The vidgame biz has caught sequelitis.

Nintendo and Sony will rely mostly on new installments of proven franchises rather than launching new properties to drive their videogame businesses through the end of next year.

Much attention was lavished on the next renditions of Nintendo’s “Super Mario Bros.,” “Super Mario Galaxy” and “Metroid” and Sony’s “Final Fantasy,” “Metal Gear Solid,” “God of War” and “Gran Turismo” during the Tuesday tubthumping by those companies in connection with the Electronic Entertainment Expo taking place in downtown L.A. this week.

The emphasis on squeezing more sales out of existing franchises is also hitting the hardware front, with Sony gearing up to bow a new version of its PlayStation Portable handheld as a pure digital entertainment device.

The PSP Go targets consumers who want a device that can store games, movies, TV shows, music and other content instead of having to carry CDs, DVDs and game discs when they travel.

“We call it the worst-kept secret of E3,” said Jack Tretton, prexy-CEO of Sony Computer Entertainment, while unveiling the PSP Go at the Sony’s newser, which packed 5,000 attendees inside the Shrine Auditorium. “Given this industry’s inability to keep secrets, we are an industry leader.

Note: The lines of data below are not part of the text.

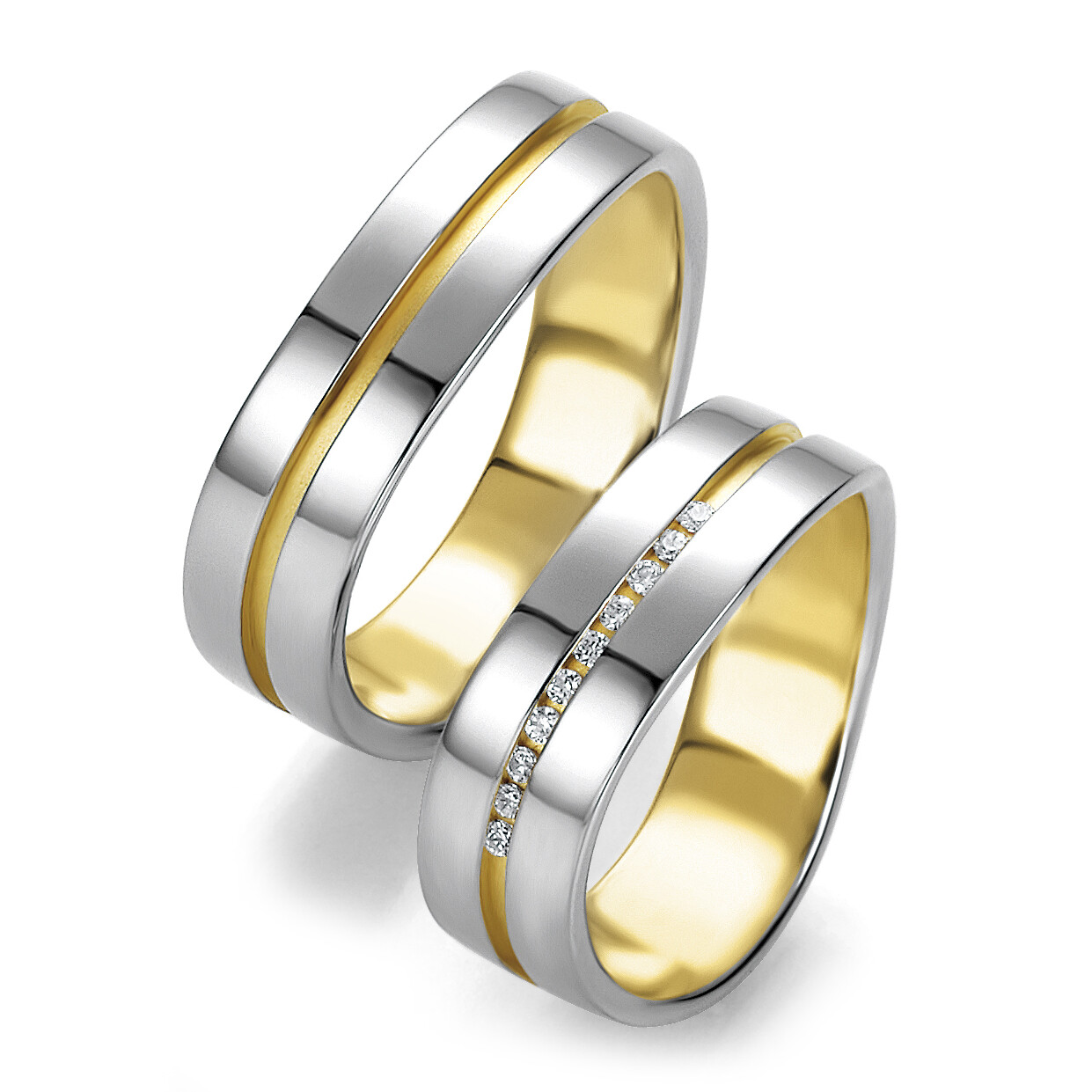 Trauringe Weißgold Gelbgold Brillant BR 48/05211 & 48/05212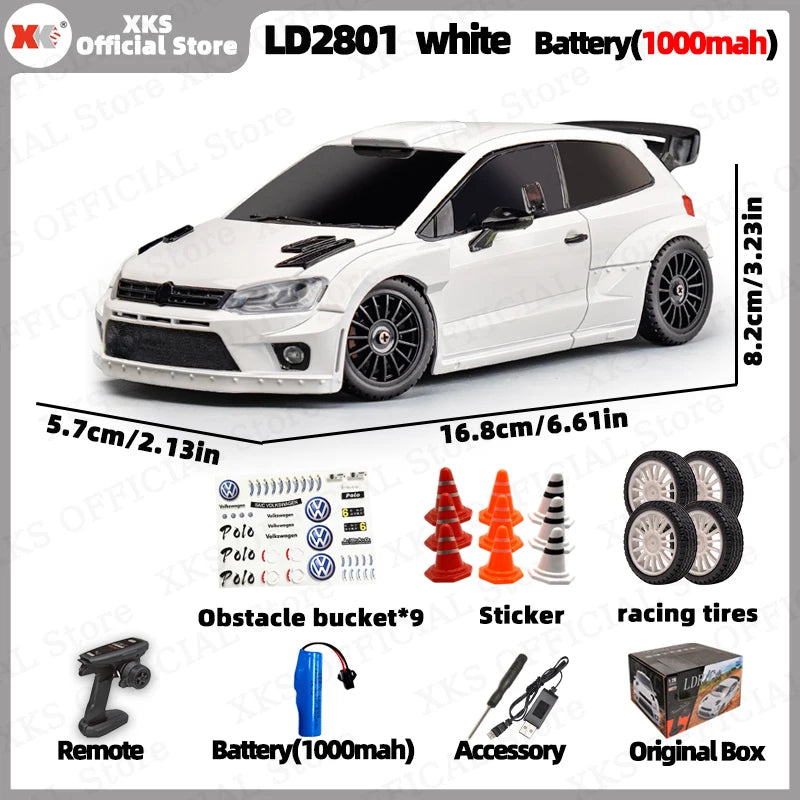 XKS LDRC LD2801 Pro 1/28 4WD RC Car Drift Racing Built-in ESP Gyroscope 2.4G Full Proportional Control RC Toy Gift for Boys Men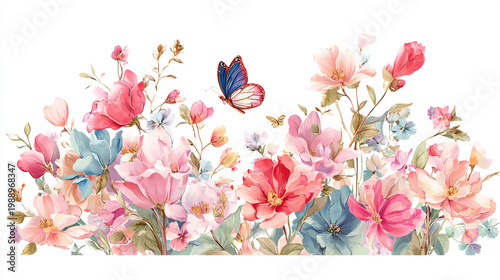 watercolor botanical butterfly and flowers texture template background.Elegant wedding invitation card background . Minimal hand painted Design for wedding or Valentine's Day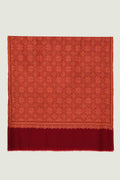 Kashmir Loom Sozni Jamawar Hand Embroidered Pashmina Shawl Maroon Orange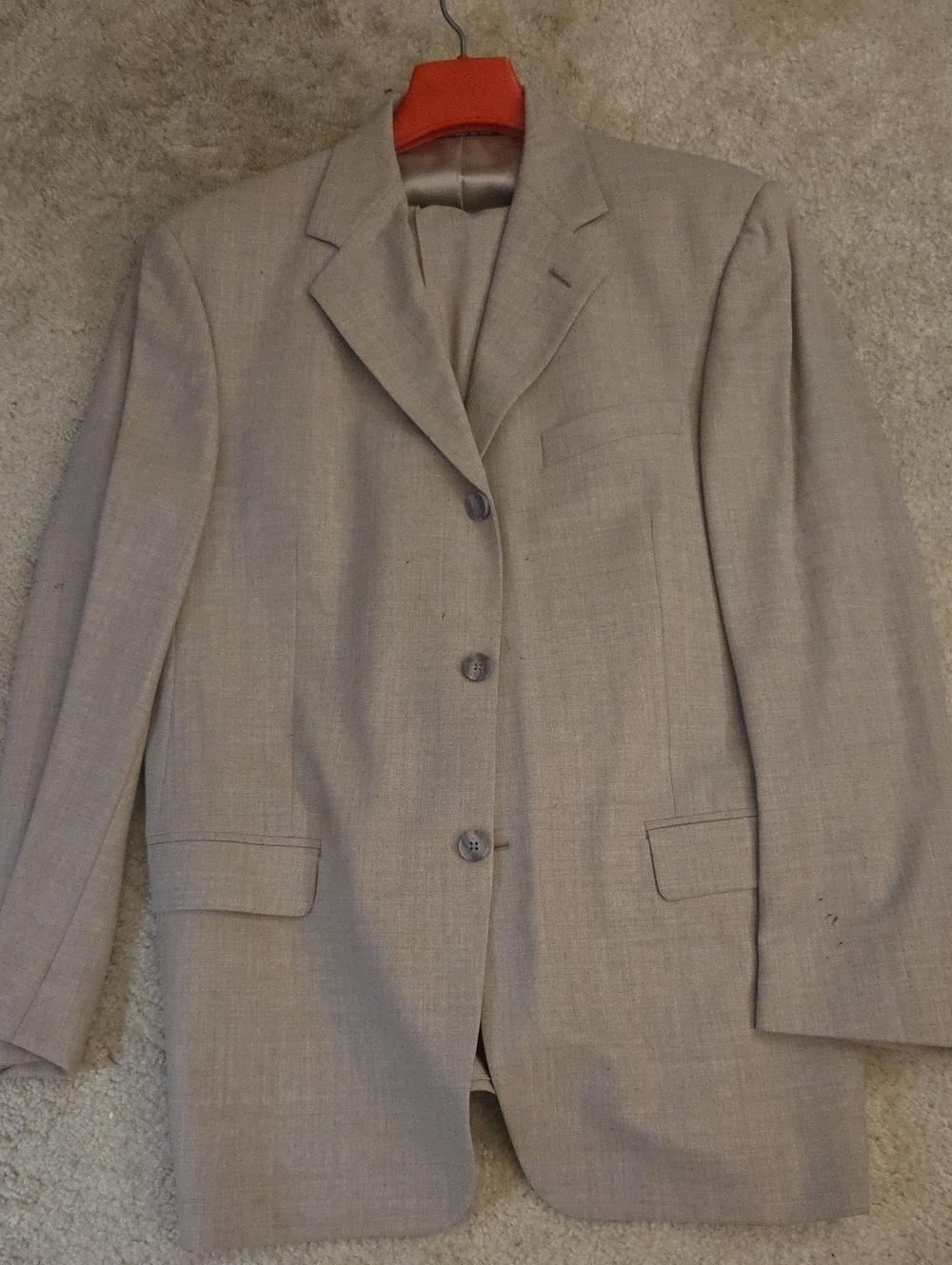 Perry Ellis Light Beige Mens Tailored Blazer & Pants 42/33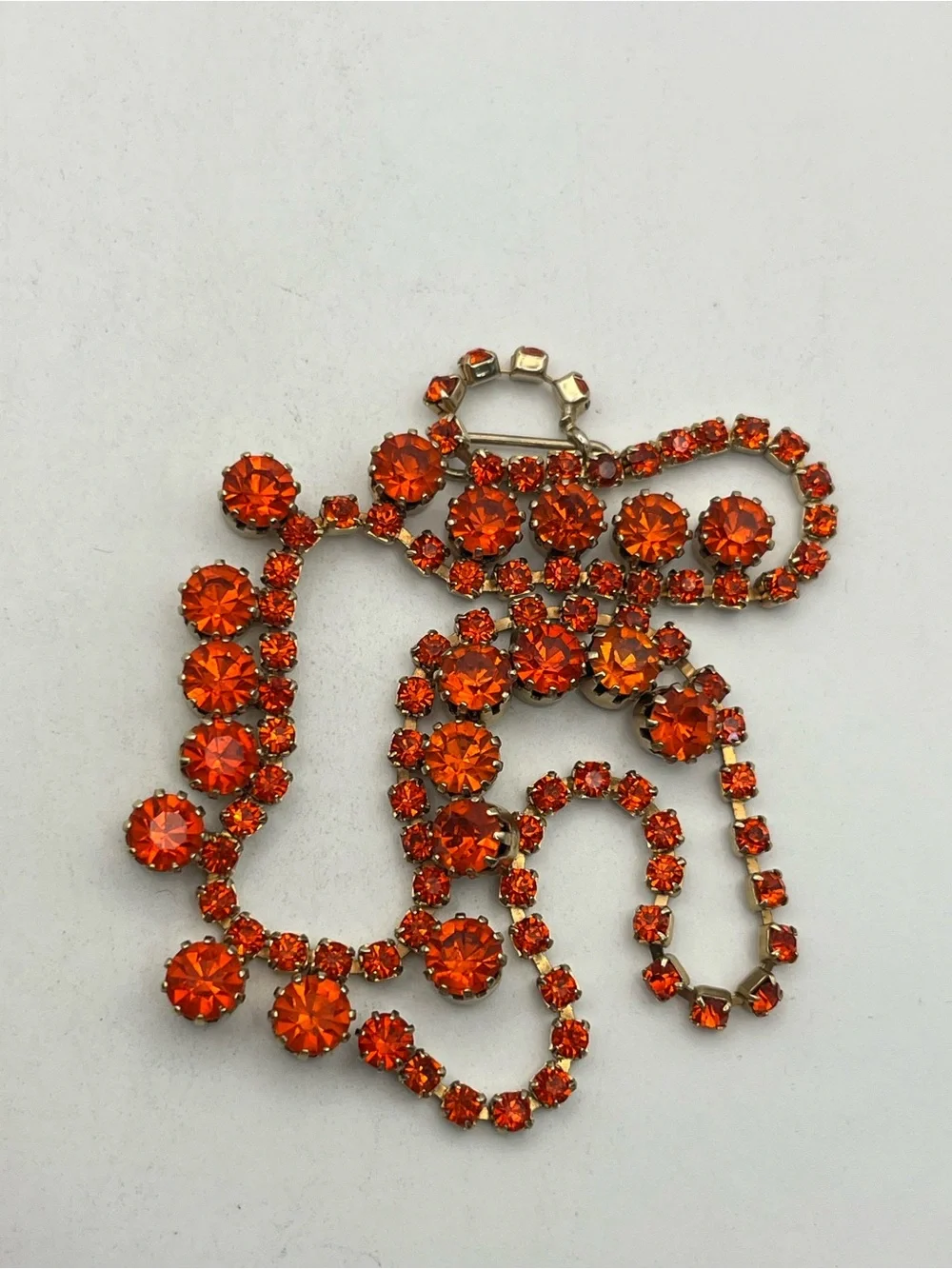 Orange rhinestone tennis necklace gold tone vintage sparkly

We won’t be outdone by anyone.”

The $249 device, which will hit retailers in October, is 50% slimmer than the current PSP, which will still be sold. That device has sold 50 million units since 2005; 15 million PSPs were sold last year.

The PSP Go should help Sony compete more aggressively with Apple as it features a far larger screen than the iPod and can act as both a small videogame console and video player.

Sony plans to make many of its major franchises — including “Gran Turismo,” “Resident Evil,” “Metal Gear Solid” and “Little Big Planet” — playable on the PSP this year.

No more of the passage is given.